### Requirement
Up to and including the line with "42 CHADDERTON STREET, Cabramatta NSW 2166", restate the records below word for word, beginning with their first line.

____

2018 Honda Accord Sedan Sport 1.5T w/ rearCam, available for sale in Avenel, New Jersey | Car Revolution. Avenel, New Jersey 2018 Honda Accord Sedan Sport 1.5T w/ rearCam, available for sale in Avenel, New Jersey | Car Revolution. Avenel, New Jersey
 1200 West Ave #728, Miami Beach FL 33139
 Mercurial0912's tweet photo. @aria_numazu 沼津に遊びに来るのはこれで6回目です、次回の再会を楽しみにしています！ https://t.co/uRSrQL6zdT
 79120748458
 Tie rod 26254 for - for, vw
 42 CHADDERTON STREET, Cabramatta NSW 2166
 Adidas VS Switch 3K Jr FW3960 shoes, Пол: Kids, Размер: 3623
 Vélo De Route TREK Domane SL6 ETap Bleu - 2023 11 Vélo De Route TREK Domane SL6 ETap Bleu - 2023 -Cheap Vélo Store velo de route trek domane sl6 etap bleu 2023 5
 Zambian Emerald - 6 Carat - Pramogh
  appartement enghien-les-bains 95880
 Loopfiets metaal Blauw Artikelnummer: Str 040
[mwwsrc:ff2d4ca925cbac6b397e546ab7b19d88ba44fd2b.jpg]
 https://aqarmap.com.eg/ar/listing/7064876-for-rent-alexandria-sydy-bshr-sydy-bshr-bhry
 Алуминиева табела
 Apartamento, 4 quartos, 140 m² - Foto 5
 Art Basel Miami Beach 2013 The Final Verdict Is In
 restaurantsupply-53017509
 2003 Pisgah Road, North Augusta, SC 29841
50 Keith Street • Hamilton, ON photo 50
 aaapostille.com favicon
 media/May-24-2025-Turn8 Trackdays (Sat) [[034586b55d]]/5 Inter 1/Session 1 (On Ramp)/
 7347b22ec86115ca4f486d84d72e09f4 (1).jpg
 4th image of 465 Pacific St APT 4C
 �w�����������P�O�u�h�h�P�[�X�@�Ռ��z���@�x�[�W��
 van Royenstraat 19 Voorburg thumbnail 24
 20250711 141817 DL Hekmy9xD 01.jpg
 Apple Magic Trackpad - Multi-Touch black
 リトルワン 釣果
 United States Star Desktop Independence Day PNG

____

### Written response
2018 Honda Accord Sedan Sport 1.5T w/ rearCam, available for sale in Avenel, New Jersey | Car Revolution. Avenel, New Jersey 2018 Honda Accord Sedan Sport 1.5T w/ rearCam, available for sale in Avenel, New Jersey | Car Revolution. Avenel, New Jersey
 1200 West Ave #728, Miami Beach FL 33139
 Mercurial0912's tweet photo. @aria_numazu 沼津に遊びに来るのはこれで6回目です、次回の再会を楽しみにしています！ https://t.co/uRSrQL6zdT
 79120748458
 Tie rod 26254 for - for, vw
 42 CHADDERTON STREET, Cabramatta NSW 2166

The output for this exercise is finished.